■ **WHAT YOU NEED TO DO**
Once the pictures are removed, output the remaining entries exactly as given.

■ **Records excerpted from a collection**

=== Begin Enclosure ===

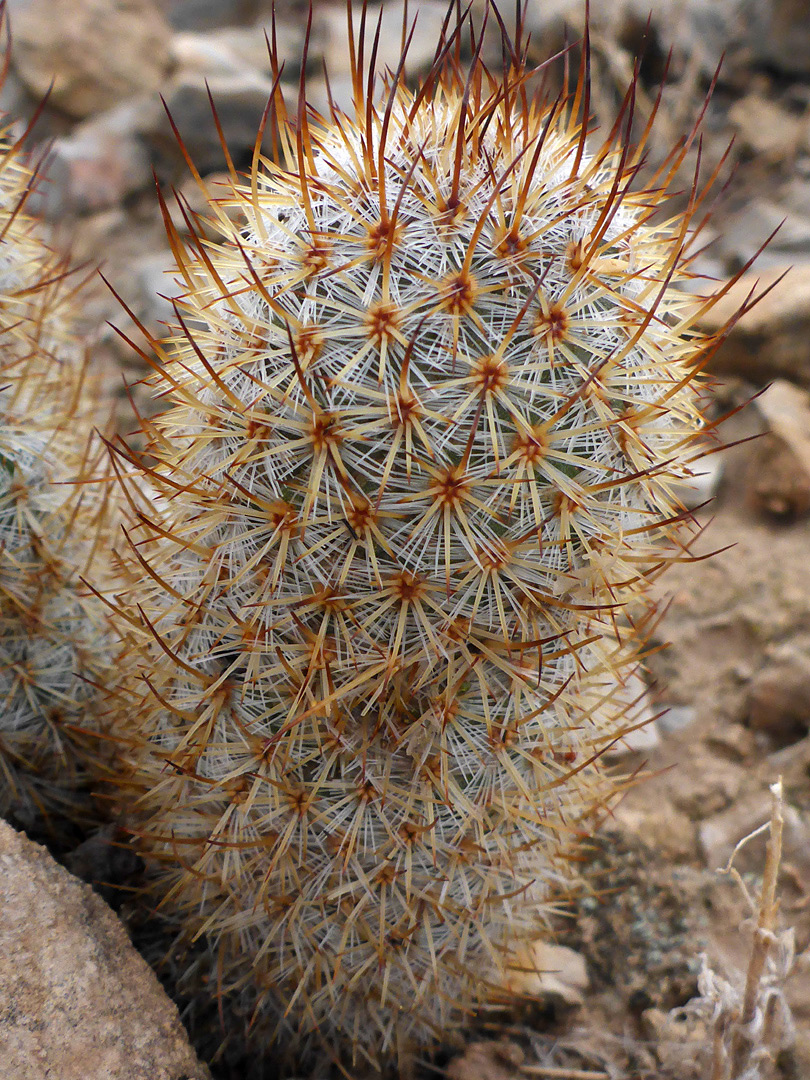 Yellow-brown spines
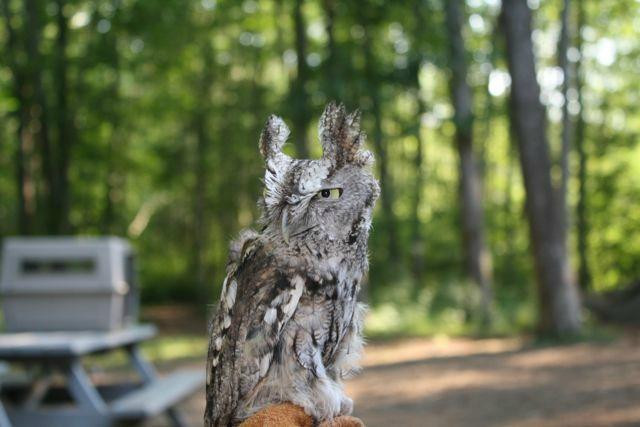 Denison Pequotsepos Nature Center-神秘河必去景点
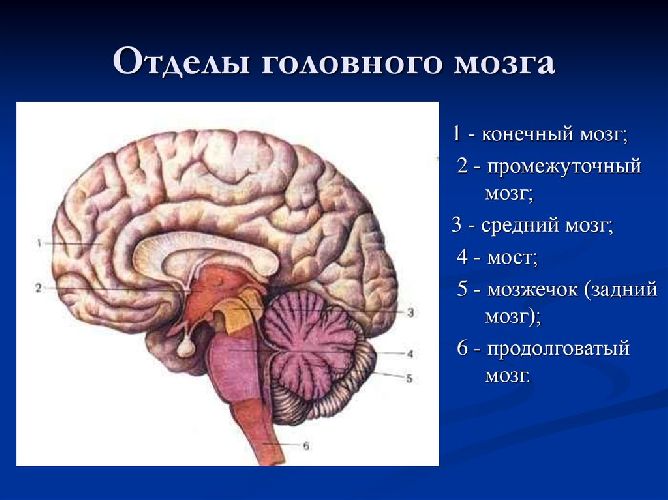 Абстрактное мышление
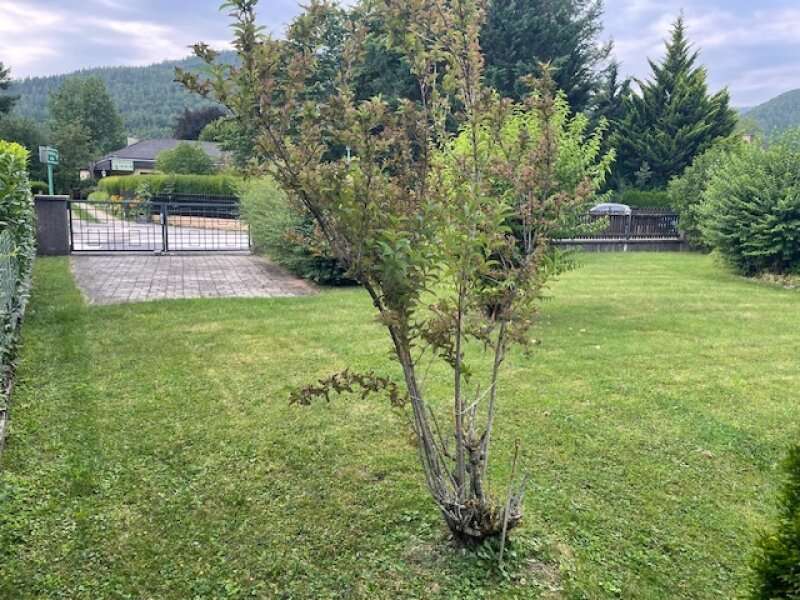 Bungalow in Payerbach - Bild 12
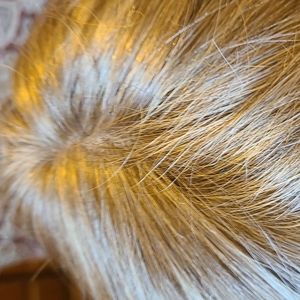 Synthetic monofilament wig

=== End Enclosure ===

■ **ANSWER AREA**
 Yellow-brown spines
 Denison Pequotsepos Nature Center-神秘河必去景点
 Абстрактное мышление
 Bungalow in Payerbach - Bild 12
 Synthetic monofilament wig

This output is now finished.